**DATA RECORDS:**
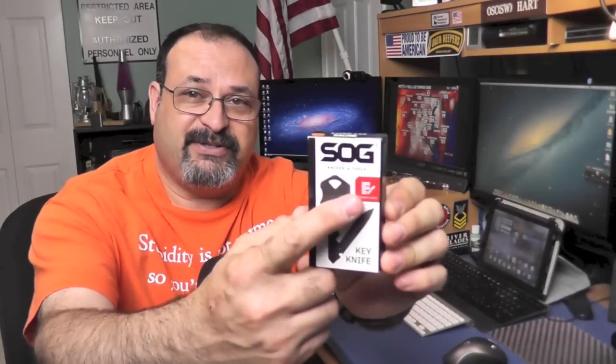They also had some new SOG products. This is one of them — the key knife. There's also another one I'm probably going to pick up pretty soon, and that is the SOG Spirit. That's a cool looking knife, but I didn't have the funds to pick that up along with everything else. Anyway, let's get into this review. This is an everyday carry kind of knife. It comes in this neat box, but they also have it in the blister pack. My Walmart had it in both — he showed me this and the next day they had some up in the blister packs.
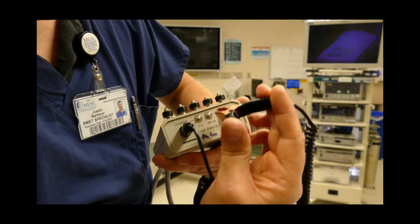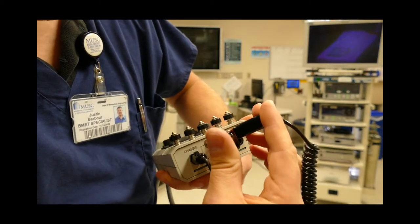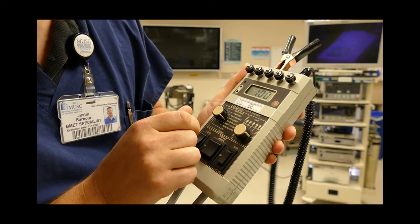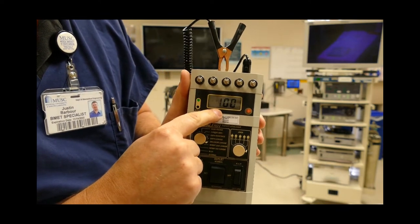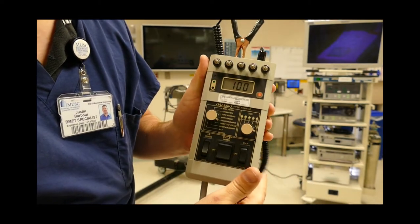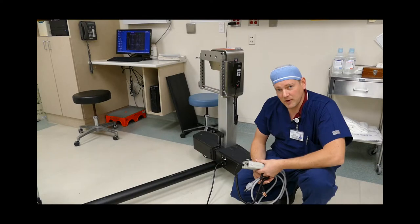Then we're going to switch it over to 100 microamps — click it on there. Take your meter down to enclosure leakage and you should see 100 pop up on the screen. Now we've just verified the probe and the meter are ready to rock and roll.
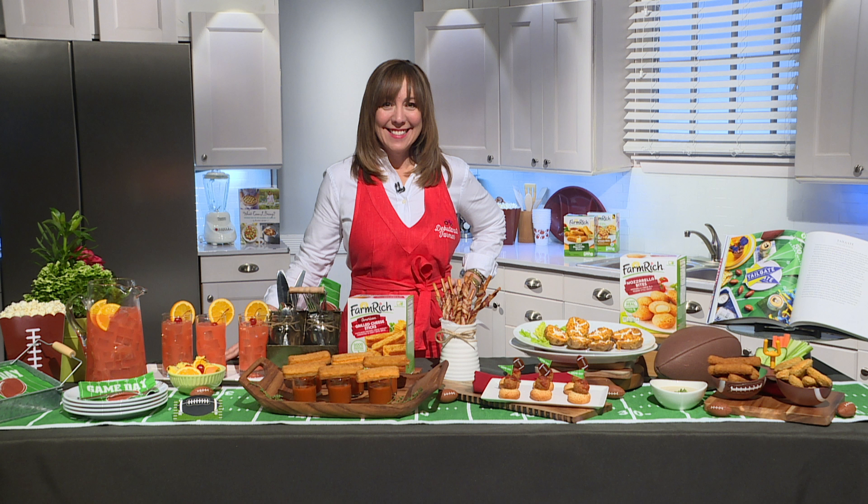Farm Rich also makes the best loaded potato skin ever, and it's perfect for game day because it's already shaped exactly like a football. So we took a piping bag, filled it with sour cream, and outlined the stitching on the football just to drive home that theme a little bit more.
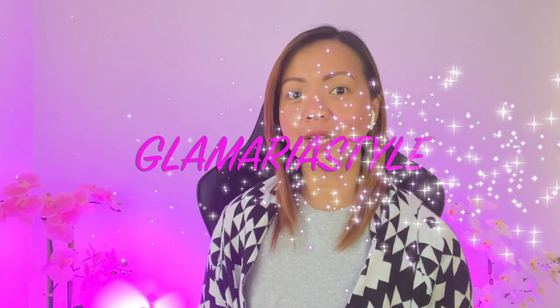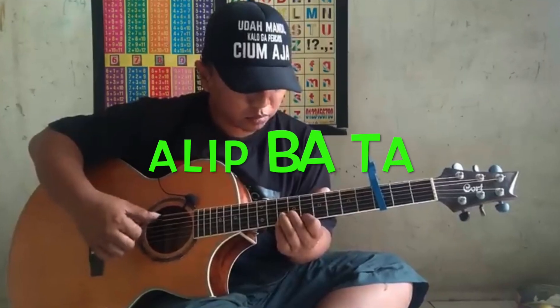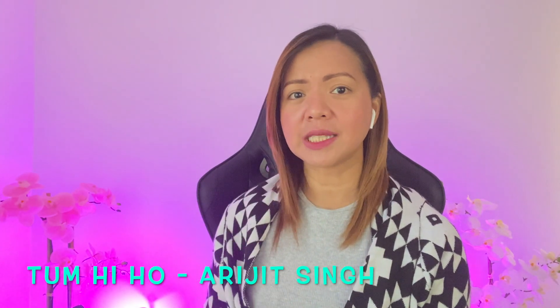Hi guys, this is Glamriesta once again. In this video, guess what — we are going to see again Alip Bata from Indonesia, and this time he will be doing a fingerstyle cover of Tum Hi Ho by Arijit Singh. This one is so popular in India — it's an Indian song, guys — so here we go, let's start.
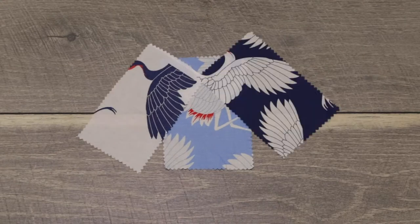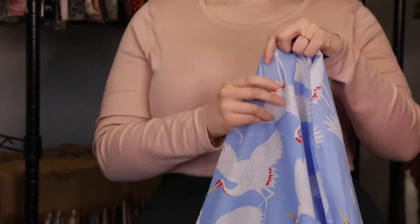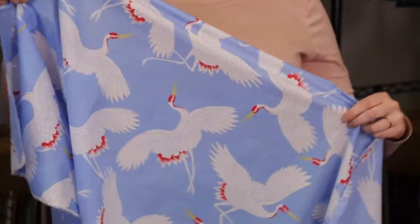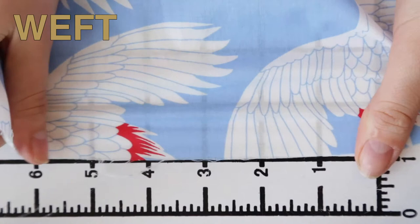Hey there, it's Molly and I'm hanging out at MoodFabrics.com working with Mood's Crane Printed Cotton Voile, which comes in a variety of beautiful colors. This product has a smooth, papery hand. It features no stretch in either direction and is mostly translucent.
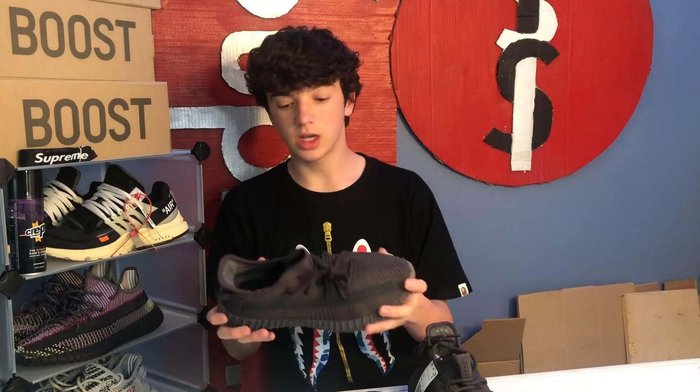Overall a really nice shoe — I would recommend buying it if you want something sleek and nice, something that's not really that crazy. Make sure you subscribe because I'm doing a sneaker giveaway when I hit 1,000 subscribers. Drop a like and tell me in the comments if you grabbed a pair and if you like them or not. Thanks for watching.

...

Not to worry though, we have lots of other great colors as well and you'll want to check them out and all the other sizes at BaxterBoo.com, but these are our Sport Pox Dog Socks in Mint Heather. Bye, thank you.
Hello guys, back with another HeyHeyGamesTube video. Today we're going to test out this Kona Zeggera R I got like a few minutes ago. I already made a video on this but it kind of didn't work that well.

**WHAT YOU SHOULD DO:**
Which lines above run from the one containing "Not to worry" down to the one containing "Hello guys, back"? Repeat exactly those, both ends included, and nothing else.

**EXERCISE RESULT:**
Not to worry though, we have lots of other great colors as well and you'll want to check them out and all the other sizes at BaxterBoo.com, but these are our Sport Pox Dog Socks in Mint Heather. Bye, thank you.
Hello guys, back with another HeyHeyGamesTube video. Today we're going to test out this Kona Zeggera R I got like a few minutes ago. I already made a video on this but it kind of didn't work that well.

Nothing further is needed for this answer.